> Recorded data

◇ ◇ ◇

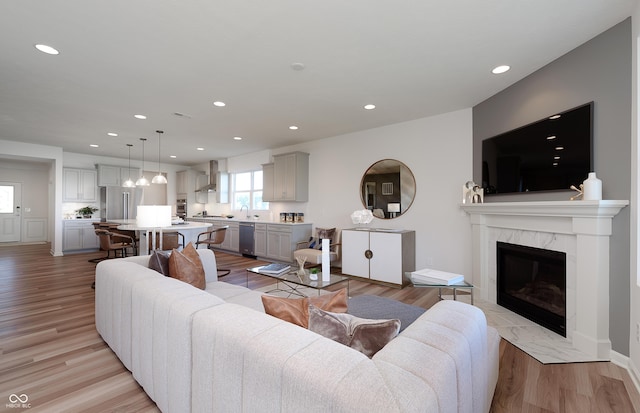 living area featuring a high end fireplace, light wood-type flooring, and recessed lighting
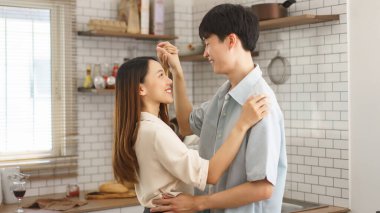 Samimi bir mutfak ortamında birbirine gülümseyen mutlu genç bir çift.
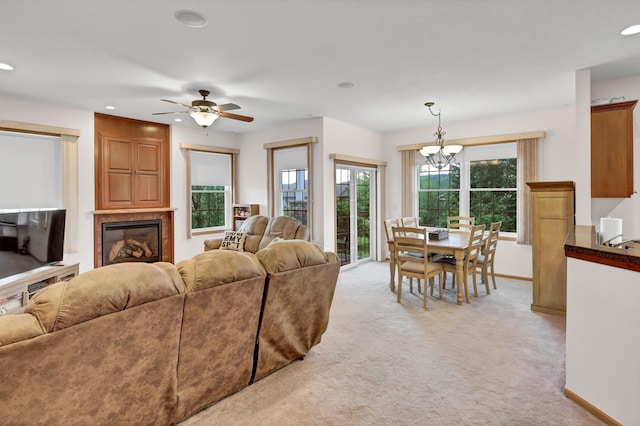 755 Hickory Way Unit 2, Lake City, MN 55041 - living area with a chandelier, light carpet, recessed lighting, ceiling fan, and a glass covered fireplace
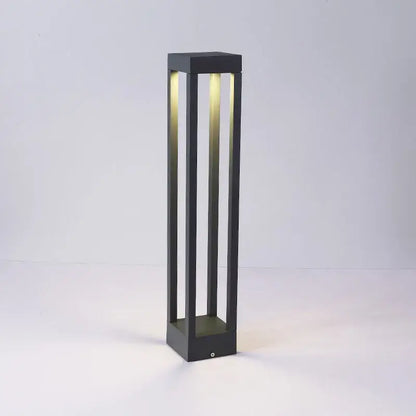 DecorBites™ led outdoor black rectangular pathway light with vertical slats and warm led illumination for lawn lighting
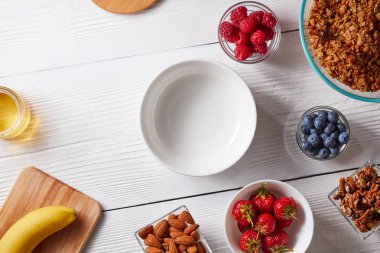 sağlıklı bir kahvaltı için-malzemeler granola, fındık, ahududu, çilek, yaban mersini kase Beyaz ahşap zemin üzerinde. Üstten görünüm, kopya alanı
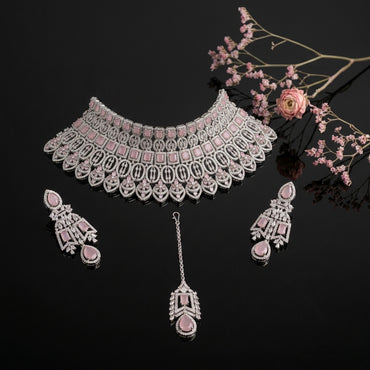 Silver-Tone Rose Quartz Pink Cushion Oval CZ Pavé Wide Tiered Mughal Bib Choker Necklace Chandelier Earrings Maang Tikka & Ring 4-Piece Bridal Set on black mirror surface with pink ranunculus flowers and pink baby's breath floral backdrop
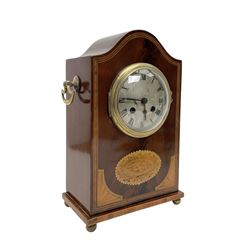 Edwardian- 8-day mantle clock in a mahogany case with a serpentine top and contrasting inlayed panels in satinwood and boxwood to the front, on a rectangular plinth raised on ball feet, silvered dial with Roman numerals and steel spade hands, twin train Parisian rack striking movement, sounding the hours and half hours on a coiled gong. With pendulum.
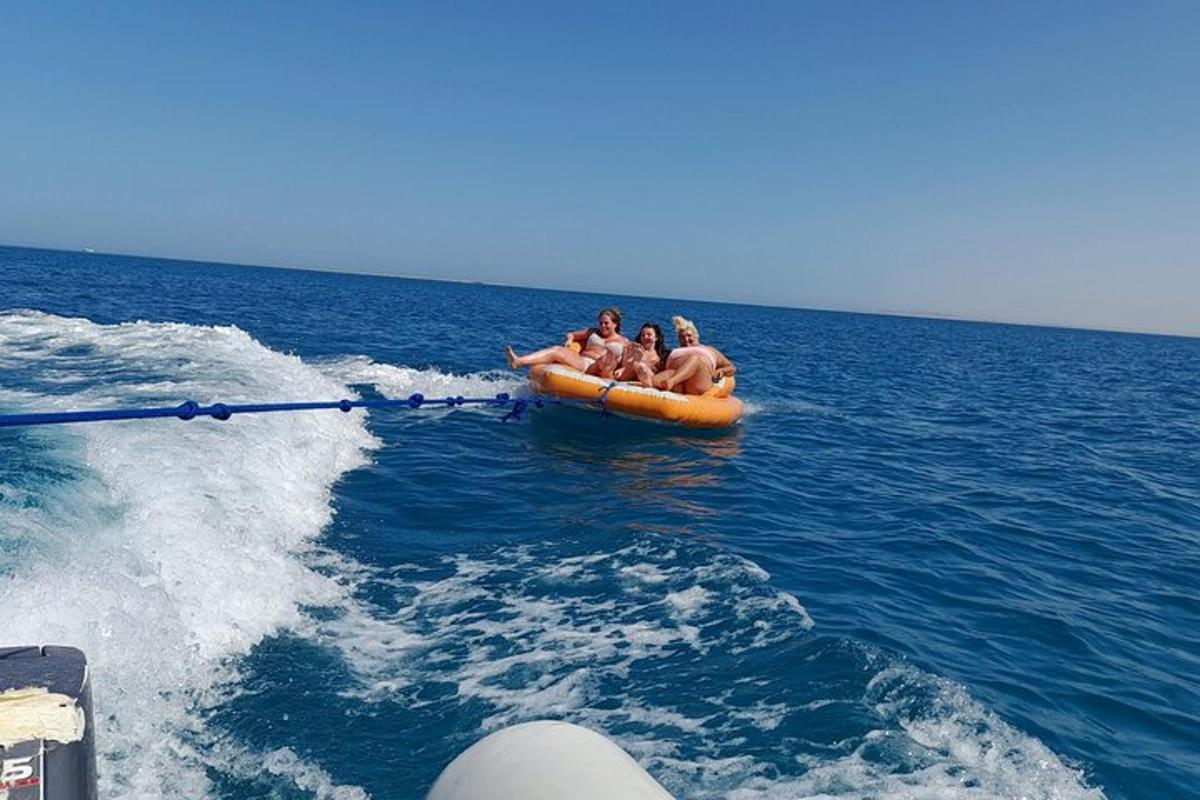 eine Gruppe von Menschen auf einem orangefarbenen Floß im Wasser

◇ ◇ ◇

> REQUIRED WORK
Leave the pictures out, and transcribe each of the records exactly.

> YOUR SOLUTION
 living area featuring a high end fireplace, light wood-type flooring, and recessed lighting
 Samimi bir mutfak ortamında birbirine gülümseyen mutlu genç bir çift.
 755 Hickory Way Unit 2, Lake City, MN 55041 - living area with a chandelier, light carpet, recessed lighting, ceiling fan, and a glass covered fireplace
 DecorBites™ led outdoor black rectangular pathway light with vertical slats and warm led illumination for lawn lighting
 sağlıklı bir kahvaltı için-malzemeler granola, fındık, ahududu, çilek, yaban mersini kase Beyaz ahşap zemin üzerinde. Üstten görünüm, kopya alanı
 Silver-Tone Rose Quartz Pink Cushion Oval CZ Pavé Wide Tiered Mughal Bib Choker Necklace Chandelier Earrings Maang Tikka & Ring 4-Piece Bridal Set on black mirror surface with pink ranunculus flowers and pink baby's breath floral backdrop
 Edwardian- 8-day mantle clock in a mahogany case with a serpentine top and contrasting inlayed panels in satinwood and boxwood to the front, on a rectangular plinth raised on ball feet, silvered dial with Roman numerals and steel spade hands, twin train Parisian rack striking movement, sounding the hours and half hours on a coiled gong. With pendulum.
 eine Gruppe von Menschen auf einem orangefarbenen Floß im Wasser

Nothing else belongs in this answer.